The Court of Appeal of California, Second Appellate District, ruled that assault with a firearm is not a violent felony for purposes of the state’s Three Strikes Law (Penal Code § 667); consequently, Rasheed Malcolm Jones was entitled to the amount of custody credits calculated under the default provision in §4019. (Note: All statutory references are to the California Penal Code.)

Jones pleaded no contest to one count of assault with a firearm and admitted having suffered a prior conviction for assault with a firearm in 2012. Jones was sentenced to four years in prison. At sentencing, defense counsel expressly requested the court to order “day-for-day” custody credits pursuant to § 4019 because while the charge of assault with a firearm qualifies as a serious felony, it is not a disqualifying violent felony. The sentencing court rejected the request, ruling Jones was not entitled to day-for-day credits because he had admitted the prior strike. The court awarded Jones presentence custody credits in the amount of 596 days (497 actual, plus 99 conduct). Jones timely appealed.

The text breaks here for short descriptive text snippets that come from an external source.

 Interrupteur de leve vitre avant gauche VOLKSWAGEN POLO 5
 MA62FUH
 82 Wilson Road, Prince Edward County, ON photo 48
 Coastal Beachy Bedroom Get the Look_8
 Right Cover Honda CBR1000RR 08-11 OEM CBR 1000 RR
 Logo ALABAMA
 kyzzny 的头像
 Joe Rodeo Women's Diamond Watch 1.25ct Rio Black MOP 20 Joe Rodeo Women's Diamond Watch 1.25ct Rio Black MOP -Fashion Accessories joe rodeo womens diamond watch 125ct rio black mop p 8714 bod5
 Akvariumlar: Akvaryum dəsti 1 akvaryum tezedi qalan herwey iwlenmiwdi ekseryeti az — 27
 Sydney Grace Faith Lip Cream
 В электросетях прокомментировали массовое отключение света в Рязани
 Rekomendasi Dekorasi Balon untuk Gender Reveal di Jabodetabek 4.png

The Court of Appeal observed “[o]rdinarily, presentence custody credits are calculated according to Penal Code section 4019.” People v. Thomas, 988 P.2d 563 (Cal. 1999). Pursuant to the relevant parts of § 2900.5(a), defendants “[i]n all felony and misdemeanor convictions, either by plea or by verdict” shall be given presentence credits “pursuant to Section 4019.” However, § 2933.1(c) creates an exception to the general rule for a defendant convicted of a “violent felony” within the meaning of the Three Strikes Law, providing in relevant part that “[n]otwithstanding Section 4019 or any other provision of law, the maximum credit that may be earned against a period of confinement ... following arrest and prior to placement in the custody of the Director of Corrections, shall not exceed 15 percent of the actual period of confinement for any person specified in subdivision (a).” And § 2933.1(a) provides that “any person who is convicted of a felony offense listed in subdivision (c) of Section 667.5 shall accrue no more than 15 percent of worktime credit as defined in Section 2933.”

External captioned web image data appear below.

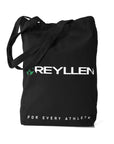 Reyllen Tote Bag - Reyllen EU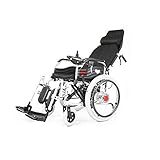 El diseño compacto facilita su uso en interiores y exteriores, se puede plegar o transportar en segundos, todos nuestros productos están fabricados con los mejores materiales y calidad, brindamos un excelente servicio posventa.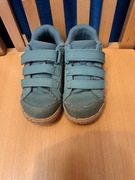 Dziecięce  buty adidasy rozmiar 28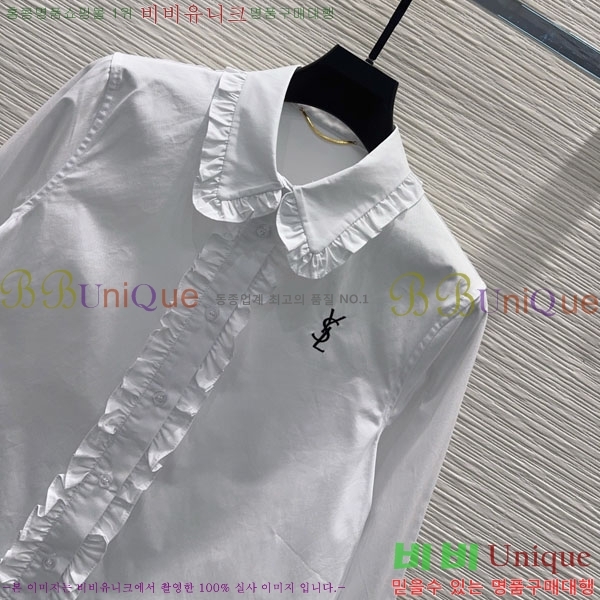 ���� ���ζ� ���� YSL34064-1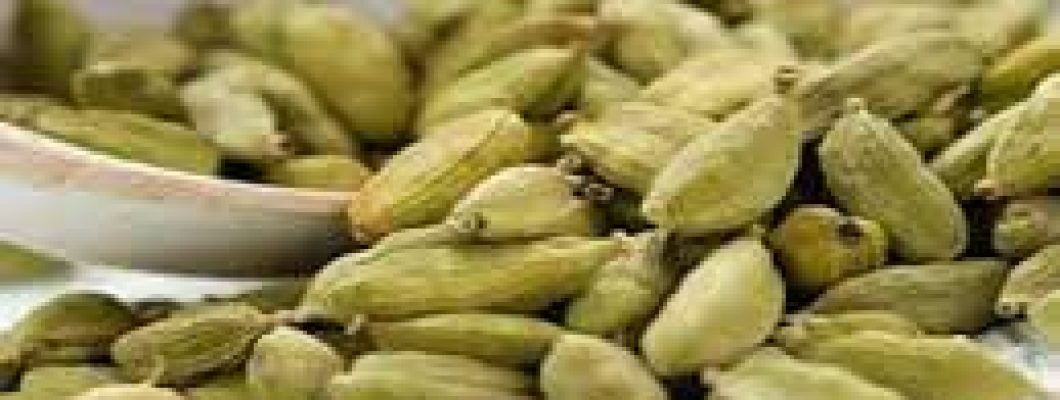 الفوائد الصحية لاستخدام الهيل الأمريكي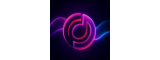 WEEZIK recrutement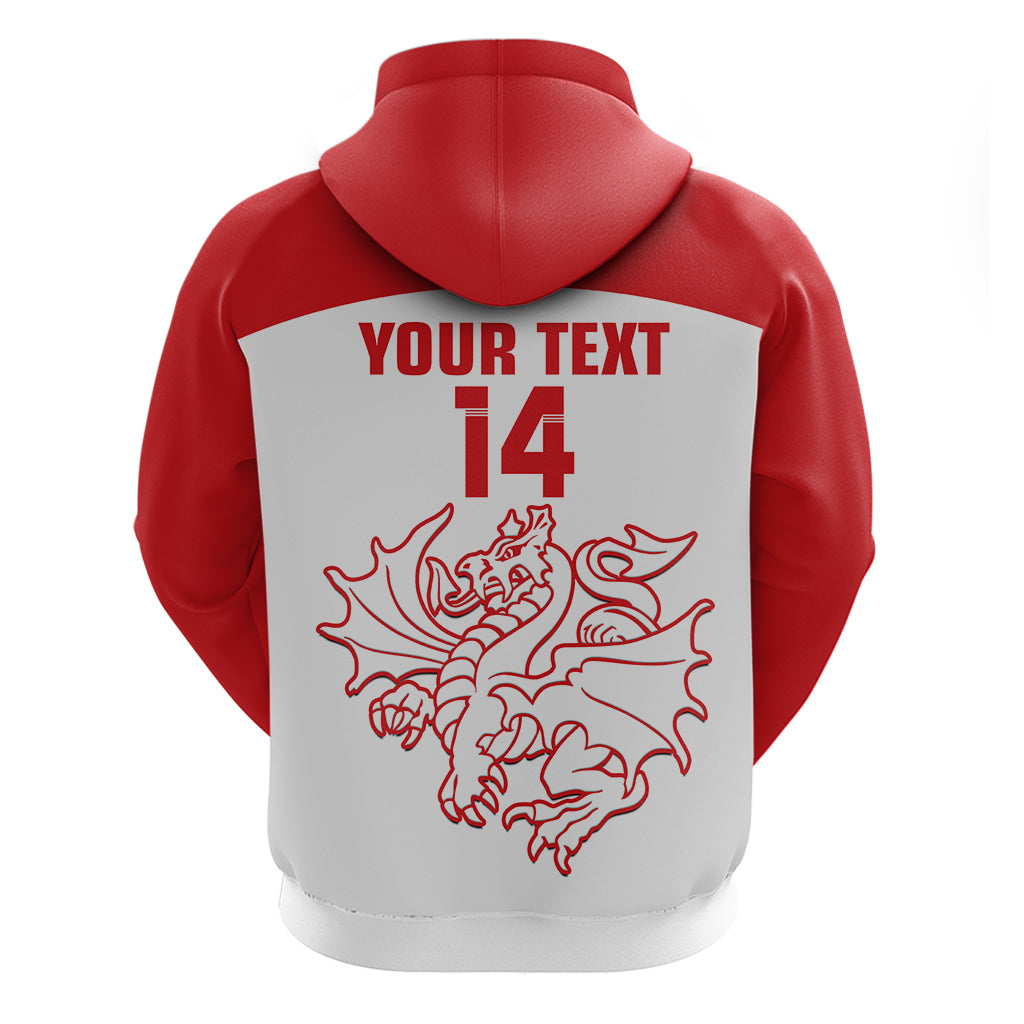 custom-text-and-number-dragons-rugby-hoodie-simple-st-george-illawarra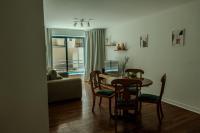 Departamento en el centro - Bed and Breakfast Mendoza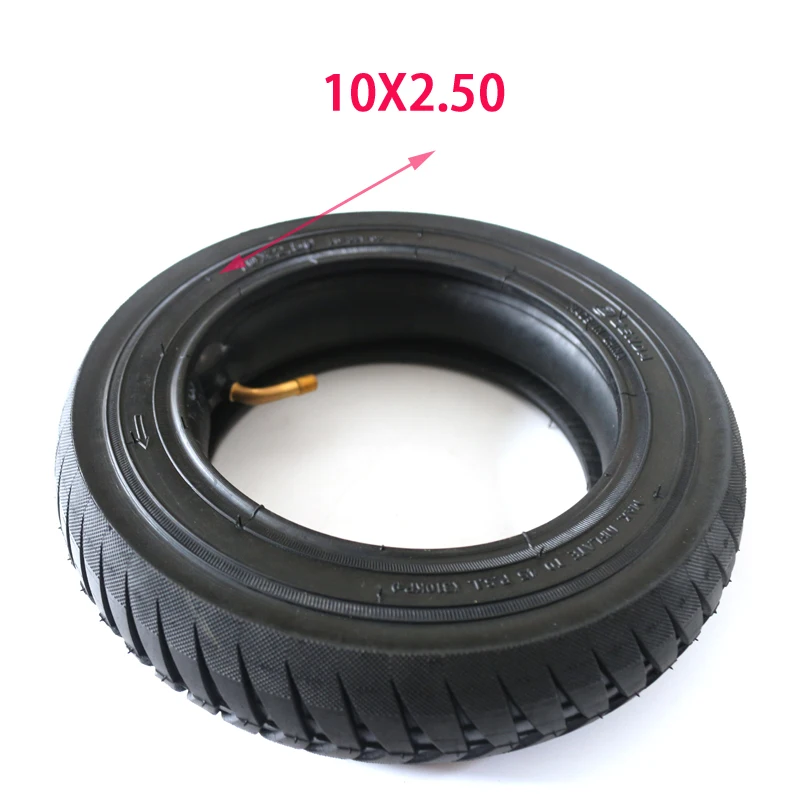 10x2 10x2,125 10x2,25 10x2,50 шины 10x2/2,0/2,25/2,50 шины пробка автошины 10x2,125 колеса 10x2. 50 колесо для электрического скутера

Jones’ current and prior convictions for assault with a firearm were not violent felonies as defined by § 667.5(c). Therefore, the limitation on presentence credits in § 2933.1 did not apply to him. But because his assault charge and prior strike qualified as a serious felony under § 1192.7(c)(31), the People contended Jones’ prior strike meant his presentence credits were limited by §§ 667 and 1170.12.

The Court flatly rejected that argument, declaring “the Three Strikes law has no effect on the calculation of presentence conduct credits.” It stated that the California Supreme Court explained in People v. Buckhalter, 25 P.3d 1103 (Cal. 2001), that “restrictions on the rights of Three Strikes prisoners to earn term-shortening credits do not apply to confinement in a local facility prior to sentencing.” The Three Strikes law, §§ 667(c)(5) and 1170.12(a)(5), expressly refer only to “postsentence … credits,” not presentence credits. Id. Thus, the Court held that Jones’ presentence credits should have been calculated according to §4019.

Accordingly, the Court modified the judgment of conviction to reflect 993 days of presentence custody credits (497 actual, 496 conduct), affirmed the judgment as modified, and instructed that on issuance of the remittitur, the superior court is to prepare and transmit a modified abstract of judgment to the Department of Corrections and Rehabilitation. See: People v. Jones, 2023 Cal. App. LEXIS 131 (2023).